Samedi j’ai été conduire avec John pendant qu’Oscar allait travailler et Jans lisait à la maison. C’est est très bien allé. L’auto marche comme un rêve, elle fait du 80-90 Km/h comme rien du tout, elle tire, c’est fou. Elle est jolie je vous dis, et quand on est dedans nous deux, cela ferait une image pour un magazine !!! Non, je vous dis, j’en perds la tête de plaisir. Il fait si beau, nos voisins sont si jaloux, ils vont encore en crever, surtout les femmes ! Samedi soir on a eu la visite des Engelhart. Ils ont soupé ici, et on a été une toute joyeuse compagnie. Les hommes ont décidé d’aller à la chasse. John a reçu une invitation pour aller chasser des taureaux sauvages sur une presqu’île de la côte de Tjilatjap, à environ 6 heures d’auto d’ici Mr. E. et Oscar ont fait les démarches nécessaires pour l’accompagner et nous les femmes on ira avec aussi. Nous partirons donc dimanche prochain, si tout va bien. 
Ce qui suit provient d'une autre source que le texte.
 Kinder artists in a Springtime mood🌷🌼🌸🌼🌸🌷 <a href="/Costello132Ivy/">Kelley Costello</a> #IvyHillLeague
Javanese Guest house (Pinterest)

On logera dans un passang grahan (lit. :maison de passage) au bord de la mer, donc un hôtel javanais. Cela sera un peu drôle, mais je ne m’en fais pas, ici on s’habitude à tout. Pendant que les hommes seront à la chasse, nous irons nous baigner et chercher des orchidées. On y va avec l’auto des E. John amène encore un tas de gens depuis Solo. Nous y resterons quelques jours. Buby a encore un travail fou pour finir à temps sa fin de mois, et moi, il faut que je prépare bien des choses jusque là, des habits etc. On fera des photos.
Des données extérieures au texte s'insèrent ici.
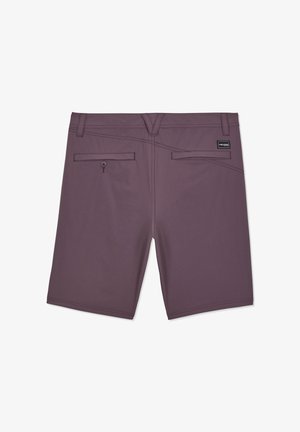 Shorts pour hommes violets avec deux poches arrière, dont une avec bouton, passants pour ceinture, et un petit patch logo Volcom noir sur la poche droite.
Dimanche nous avons tous été chez les E. pour la rijsttafel et John et Jans sont repartis de Premboen en train pour Solo. La sympathie entre Jans et tante E. a bien marché, la conséquence a été que Jans est repartie pour Solo avec un immense panier plein de plantes et d’orchidées pour son propre jardin. Nous avons encore passé la soirée à Premboen, à jouer au mah-jong et à 11 heures Buby et moi on rentrait pour la première fois

seuls ensemble dans  n-o-t-r-e  a-u-t-o.

la Puce (Photo Fiat)

Ah, ce plaisir, mes chers, cette joie, cette fierté, c’est indescriptible. On en est fou. Elle a un moteur qui ronfle comme celui d’une voiture de course. C’est bien, cela a de la race, du Schwung. Je vais prendre mon permis de conduire demain ou après demain. J’ai demandé la permission de circuler sur la route entre Keboemen et Premboen pour apprendre !
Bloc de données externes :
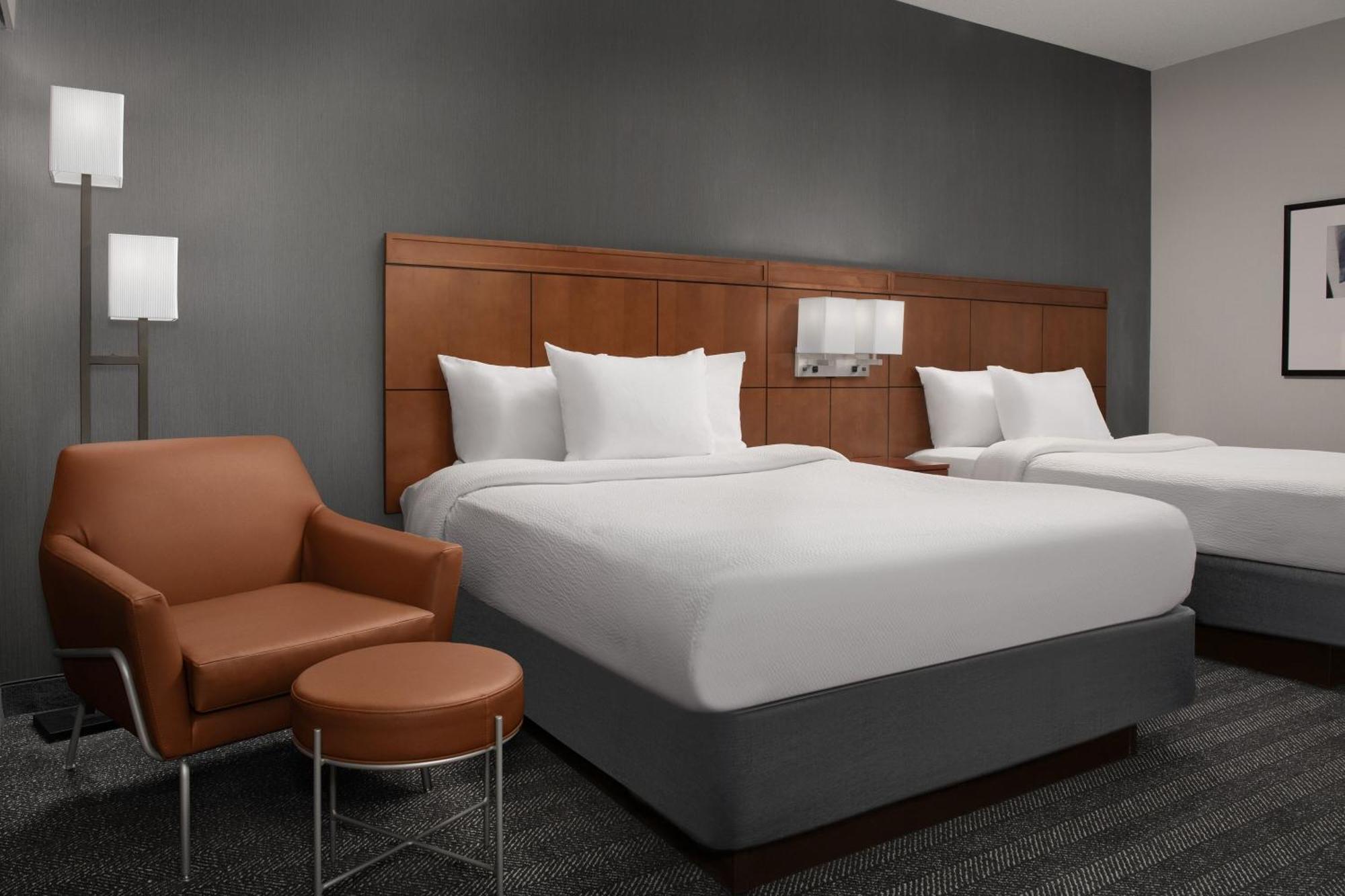 Отель Courtyard By Marriott Syracuse Downtown At Armory Square Экстерьер фото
Hier soir après le travail, Oscar vient me demander si je sors un peu. A mon objection qu’il ne fallait pas trop servir de benzine, car nous avions déjà été entre midi et une heure, il a répondu qu’il devait absolument respirer un peu d’air frais, alors pour respirer cet air frais, je n’ai pas fait longtemps pour sauter à mon tour dans la voiture et sans savoir comment nous étions sur la route de Premboen. Naturellement nous avons de nouveau été chez les E. qui ont bien ri quand ils nous ont vu arriver. J’avais pris Brunette avec moi, alors en route, le chien a eu le mal de mer et a vomi sur moi. J’en avais plein des genoux, heureusement que je pouvais aller me nettoyer chez tante E.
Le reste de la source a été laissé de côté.